Semantic Search in Frigate allows you to find tracked objects within your review items using either the image itself, a user-defined text description, or an automatically generated one. This feature works by creating _embeddings_ — numerical vector representations — for both the images and text descriptions of your tracked objects. By comparing these embeddings, Frigate assesses their similarities to deliver relevant search results.
Frigate has support for [Jina AI's CLIP model](https://huggingface.co/jinaai/jina-clip-v1) to create embeddings, which runs locally. Embeddings are then saved to Frigate's database.
Semantic Search works by running a large AI model locally on your system. Small or underpowered systems like a Raspberry Pi will not run Semantic Search reliably or at all.
A minimum of 8GB of RAM is required to use Semantic Search. A GPU is not strictly required but will provide a significant performance increase over CPU-only systems.
For best performance, 16GB or more of RAM and a dedicated GPU are recommended.
Semantic Search is disabled by default, and must be enabled in your config file before it can be used. Semantic Search is a global configuration setting.
The embeddings database can be re-indexed from the existing tracked objects in your database by adding `reindex: True` to your `semantic_search` configuration. Depending on the number of tracked objects you have, it can take a long while to complete and may max out your CPU while indexing. Make sure to set the config back to `False` before restarting Frigate again.
If you are enabling the Search feature for the first time, be advised that Frigate does not automatically index older tracked objects. You will need to enable the `reindex` feature in order to do that.
The vision model is able to embed both images and text into the same vector space, which allows `image -> image` and `text -> image` similarity searches. Frigate uses this model on tracked objects to encode the thumbnail image and store it in the database. When searching for tracked objects via text in the search box, Frigate will perform a `text -> image` similarity search against this embedding. When clicking "Find Similar" in the tracked object detail pane, Frigate will perform an `image -> image` similarity search to retrieve the closest matching thumbnails.
The text model is used to embed tracked object descriptions and perform searches against them. Descriptions can be created, viewed, and modified on the Search page when clicking on the gray tracked object chip at the top left of each review item. See [the Generative AI docs](/configuration/genai.md) for more information on how to automatically generate tracked object descriptions.
- Configuring the `small` model employs a quantized version of the model that uses less RAM and runs on CPU with a very negligible difference in embedding quality.
The CLIP models are downloaded in ONNX format, and the `large` model can be accelerated using GPU hardware, when available.

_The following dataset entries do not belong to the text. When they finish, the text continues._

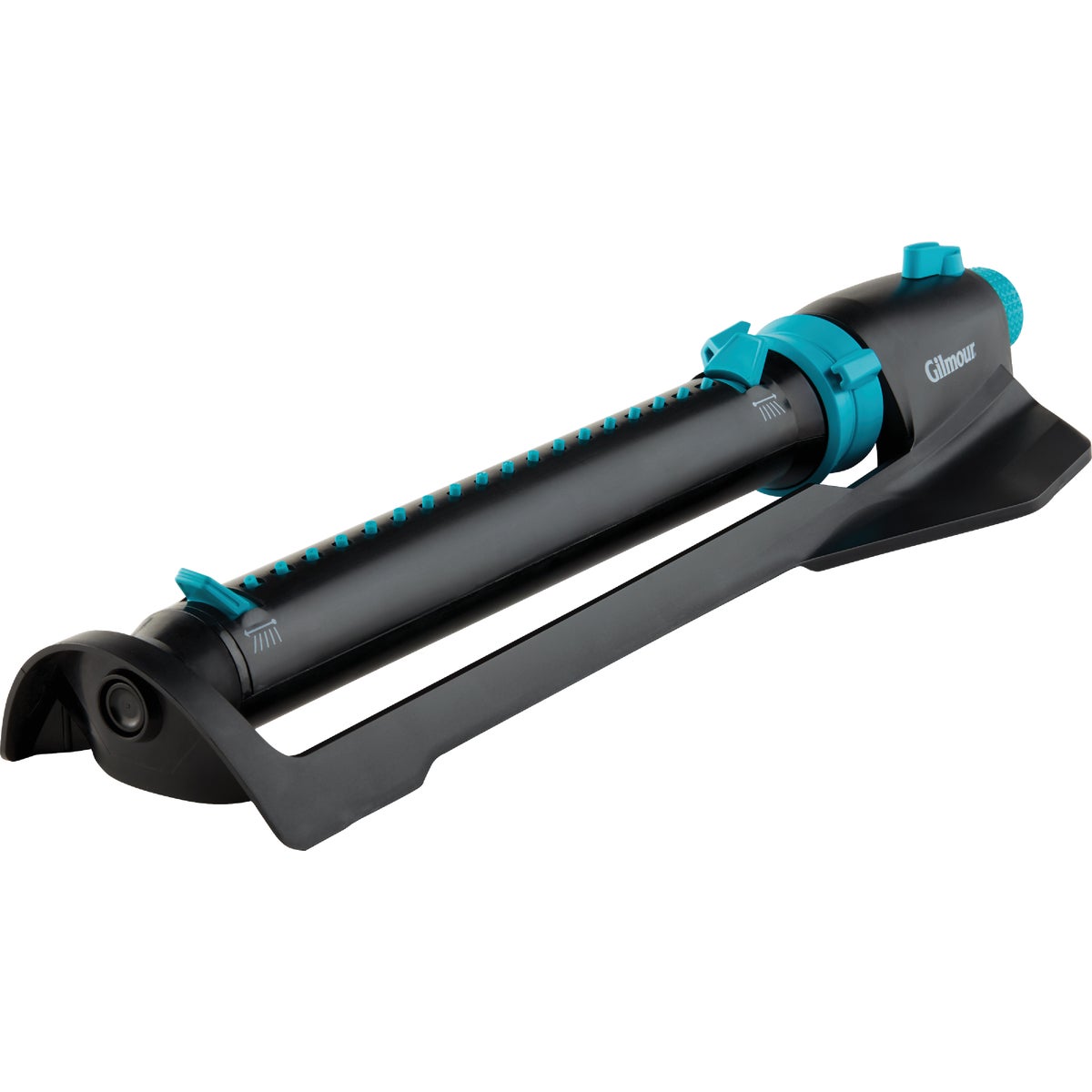 Gilmour Metal Black & Green Oscillating Sprinkler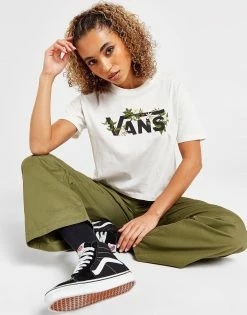 Vans Wyld Vee T-Shirt Hvid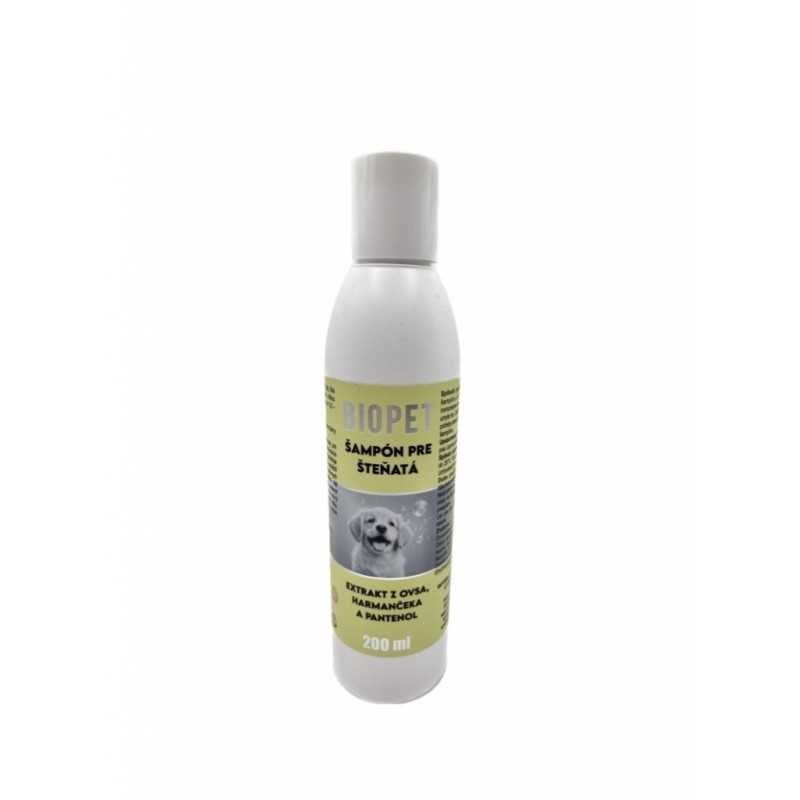 Šampón BIOPET pre šteňatá 200 ml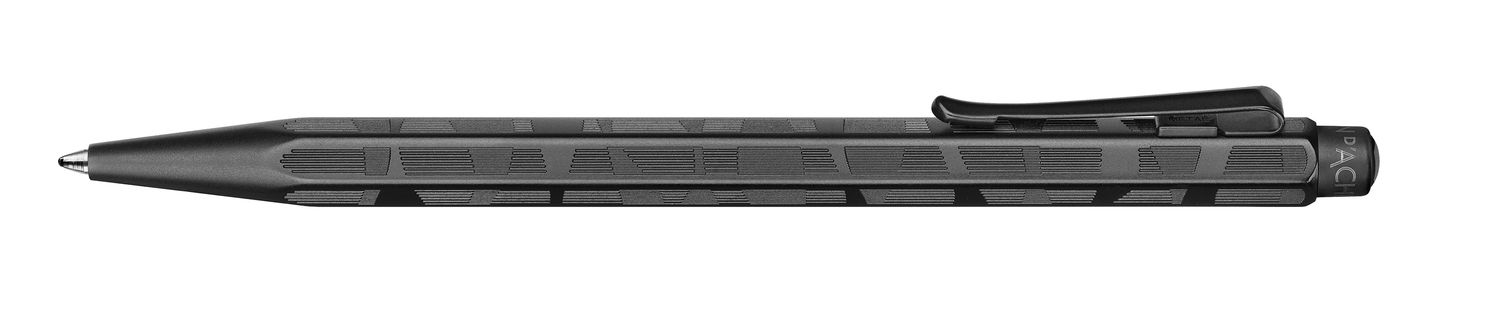 Caran d’Ache ECRIDOR BLACK LINES set met lederetui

This depends on the Docker build that is used.
**NOTE:** Object detection and Semantic Search are independent features. If you want to use your GPU with Semantic Search, you must choose the appropriate Frigate Docker image for your GPU.
1. Semantic Search is used in conjunction with the other filters available on the Search page. Use a combination of traditional filtering and Semantic Search for the best results.
2. Use the thumbnail search type when searching for particular objects in the scene. Use the description search type when attempting to discern the intent of your object.
3. Because of how the AI models Frigate uses have been trained, the comparison between text and image embedding distances generally means that with multi-modal (`thumbnail` and `description`) searches, results matching `description` will appear first, even if a `thumbnail` embedding may be a better match. Play with the "Search Type" setting to help find what you are looking for. Note that if you are generating descriptions for specific objects or zones only, this may cause search results to prioritize the objects with descriptions even if the the ones without them are more relevant.
4. Make your search language and tone closely match exactly what you're looking for. If you are using thumbnail search, **phrase your query as an image caption**. Searching for "red car" may not work as well as "red sedan driving down a residential street on a sunny day".
5. Semantic search on thumbnails tends to return better results when matching large subjects that take up most of the frame. Small things like "cat" tend to not work well.
6. Experiment! Find a tracked object you want to test and start typing keywords and phrases to see what works for you.